Tipp: Nutzen Sie die Beispiel-Fragen in den Akkordeons als Startpunkt.
Diakonie erlebbar machen
Nachwuchsförderung beginnt dort, wo Menschen Sozialdiakonie konkret erleben – nicht nur davon hören. Begegnungsformate und gute Brücken zu Ausbildungsstätten machen Diakonie sichtbar, erlebbar und als berufliche Perspektive anschlussfähig.
1. Begegnung schafft Berufung
Worum es geht: Die überzeugendste Nachwuchswerbung entsteht dort, wo Menschen Diakonie live erfahren – an öffentlichen Anlässen und in echten Mitwirkungsrollen.
Begegnung nach aussen
- Präsenz an Berufs- und Bildungsmessen sowie an öffentlichen Anlässen
- Mitmach-Formate am nationalen Zukunftstag (praxisnah, niedrigschwellig)
- Einblicke, die auch Personen erreichen, die bisher wenig Kirchenbezug haben
Begegnung nach innen
- Schnupperangebote & Orientierungspraktika (1 Tag bis mehrere Wochen)
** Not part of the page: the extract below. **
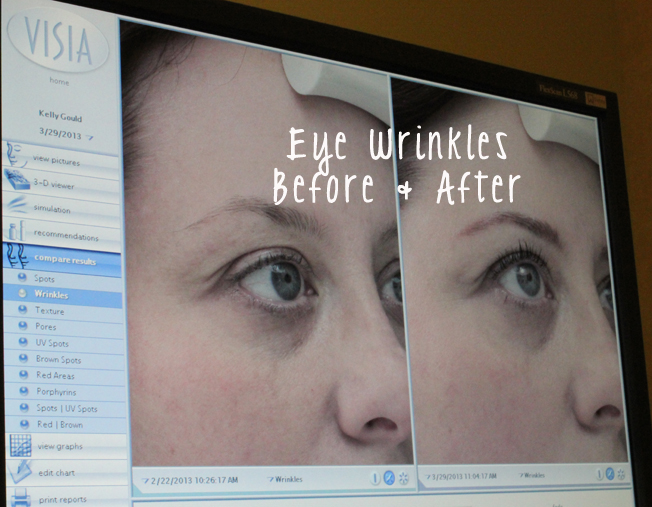 DermaPen, anti-aging, non-invasive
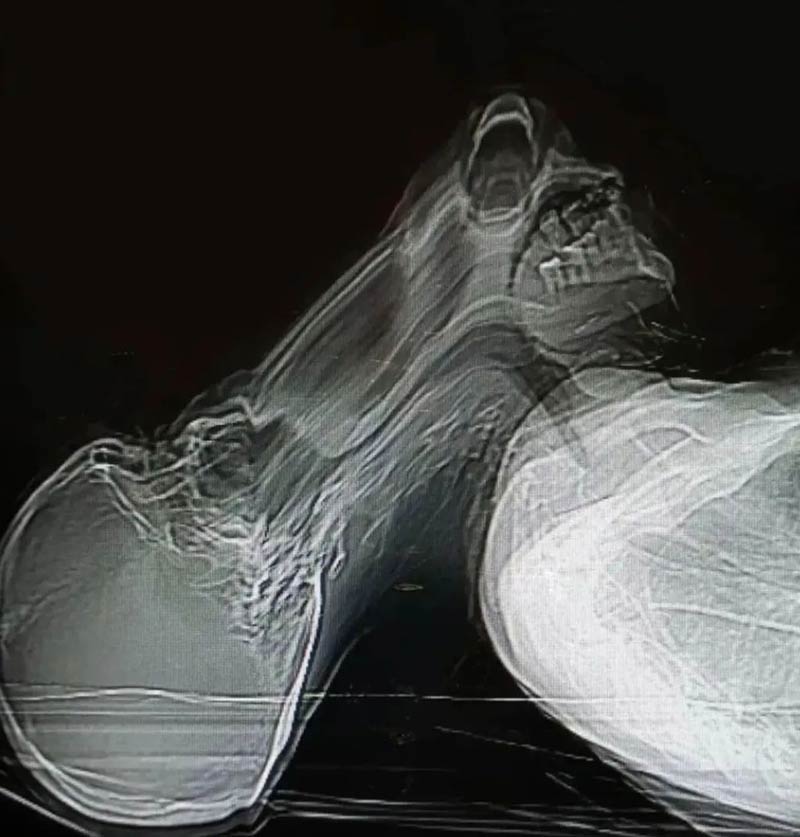 A patient experienced claustrophobia and moved during a CT scan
- Engagements in Jugend- und Freiwilligenarbeit – mit klaren Aufgaben
- Mitwirkungs- und Mitleitungsaufgaben: Diakonie nicht nur beobachten, sondern mitgestalten
Kommunikation, die ankommt
- Social Media, kurze Videos und kompakte Flyer – konkret, authentisch, menschen-nah
- Klare Zuständigkeiten und bewusst gesprochene Ressourcen durch die Kirchenleitung
Bot-Fragen (Beispiele):
- Welche Kantonalkirchen sind an Berufsmessen präsent – und wo finde ich Material dazu?
- Welche Kirchen bieten Schnupperangebote oder Orientierungspraktika an?
- Gibt es Beispiele für Social-Media-Auftritte zur Nachwuchsförderung?
2. Brücken bauen zu Ausbildungsstätten
Worum es geht: In der Deutschschweiz baut Sozialdiakonie auf sozialfachliche Ausbildungen auf. Studierende und Absolvent:innen sozialer Berufe bringen viel mit – kennen das kirchliche Arbeitsfeld aber oft kaum.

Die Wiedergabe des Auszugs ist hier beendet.